We often don’t realize that barriers to health are linked to other systemic and structural issues. For example, in North Lawndale, West Englewood, Humboldt Park, Chicago Lawn, and Gage Park, over half of female residents are obese. Those neighborhoods have fewer grocery stores that provide access to fresh, healthful food choices, and fewer parks and green spaces than the North Side neighborhood featured in the study. Residents in those neighborhoods have the highest levels of food insecurity, meaning they don’t have money for more expensive, perishable food choices.

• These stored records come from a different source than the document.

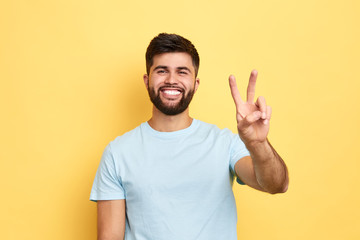 smiling cheerful young man showing two fingers up, victory sign. close up portrait, studio shot, body language, success, luck, happiness - 280886379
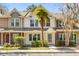 Charming townhome featuring manicured landscaping, a quaint front yard, and a welcoming entryway at 8147 Shadow Oak Dr, North Charleston, SC 29406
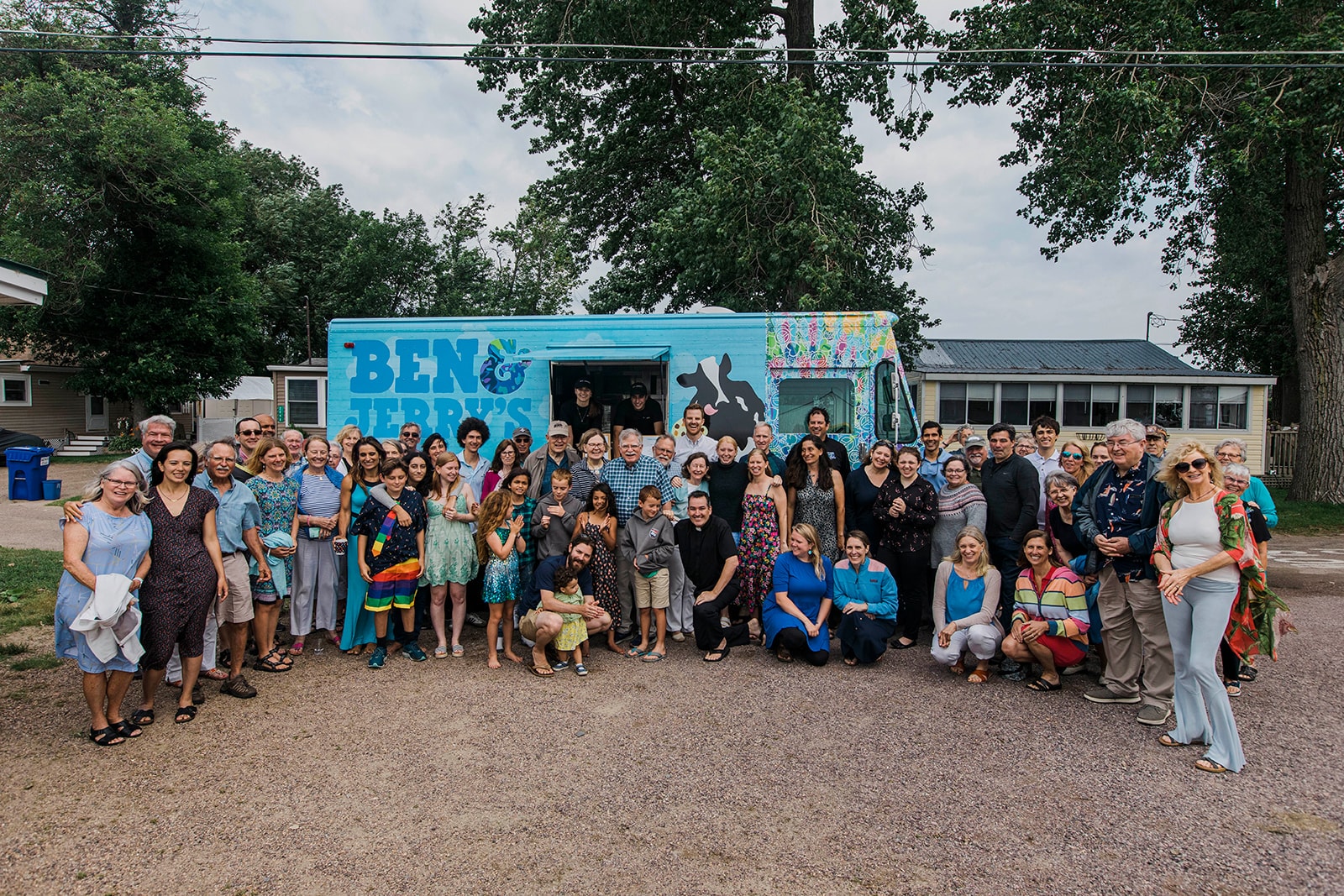 Large group posing with the Ben & Jerry's ice cream truck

Sinai also surveyed health insurance coverage and usage. Since insurance is the primary way people fund health care needs and expenses, the Affordable Care Act (2010) enabled millions of uninsured individuals to obtain coverage through the expansion of Medicaid and tax credits for marketplace plans. People with insurance are more likely to use health services for preventative care and more likely to have a “health care home”—a regular clinic or provider. This can lead to improved health outcomes and reduced overall health care costs. The study revealed a statistically significant difference in the percentage of adults without health insurance based on race or ethnic group. For example, adults of Mexican origin had an uninsured rate of 36%, compared to a rate of 8% for non-Hispanic White adults. The study also indicated that about one in six adults in Gage Park did not get needed medical care or surgery in the past year due to cost. The percentage by race shows that Non-Hispanic Black adults were most likely not to get medical care due to cost.

This kind of community-level data is valuable to get a snapshot of what is actually happening in the communities LAF serves, because City-wide data often masks the experience of people living in poverty in Chicago. Data like this helps us use our resources effectively and efficiently to address structural issues that keep people in poverty, and unhealthy, in Chicago.

For example, LAF participates in a Medical-Legal Partnership (MLP) with Erie Family Health Centers, which primarily serves Humboldt Park, West Town, and Lawndale, as well as the new Health Forward/Salud Adelante MLP, a collaboration with the Cook County Public Health System, which serves Garfield Park and Back of the Yards (adjacent to the surveyed neighborhoods). Many of our clients from these programs share demographic qualities with the subject of Sinai’s study: they are Puerto Rican or African-American, with physical disabilities and behavioral health challenges. Through these MLPs, where doctors refer clients with legal issues that affect their health, we are able to help treat their issues holistically. We help clients obtain medical insurance so they can get the full range of health care they need, enroll them in SNAP benefits so they can buy food, ensure they have adequate heat, and address hazardous living conditions that cause them and their children to suffer from asthma.

The work LAF is doing with our MLPs is targeting these very disparities and helping people get and stay healthy regardless of where they live.